This is the fifth article in a series that expands on a short talk I gave called "Why I Prefer Good Testing Over Excellent Testing".
So far, I've shared 3 stories about problems I feel I never would have found, even if I had all the time in the world (i.e., they would not have been prevented by doing additional testing). Next, I will discuss 2 cases where investing in monitoring and roll-back strategies (instead of exhaustively testing everything we could think of before releasing) really paid off.
My team was developing an event messaging service, and it required all instances of our product to maintain connectivity to a message broker in AWS. In order to keep the connections alive, we configured each instance to ping the broker once every 10 minutes. All messages sent to or from the broker, including ping messages, cost money. It's only a fraction of a cent, but still, it's something.
Because we had a budget to stick to, we put some monitoring in place, using Amazon's CloudWatch service. We configured alerts that would notify us if we spent greater than a certain amount of money within one month.
One day, the cost alarm went off. This surprised us, because we were just starting to roll out the new service in production, and at that point only a very small number of instances were using it. We looked at our daily cost data, and it was clear that something was running up the bill. But what could it be?

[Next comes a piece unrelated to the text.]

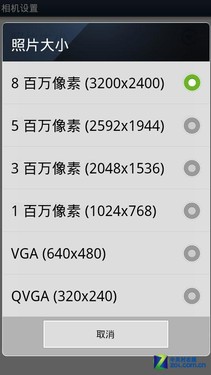 �������"����" �½ֻ�Ħ��XT615����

Next, we looked at the data we were collecting about our event messages. The relative proportions of different message types seemed a bit strange; there's no way that 99% of all traffic should consist of ping messages. Publish and subscribe messages typically make up the bulk of the traffic. This ultimately led us to discover a typo in our code that meant we were actually sending ping messages once every 1 second, rather than the intended once every 10 minutes. Oops.
There was no functional impact to the event messaging service when the ping frequency was incorrect. Without cost monitoring and message type telemetry data, it might have taken us a really long time to even notice this issue, much less troubleshoot it. However, in the meantime, we would have been wasting a lot of money and causing unnecessary traffic on our network, both of which are things we'd like to avoid if we can help it.
So, "working fine" doesn't necessarily mean "no problems".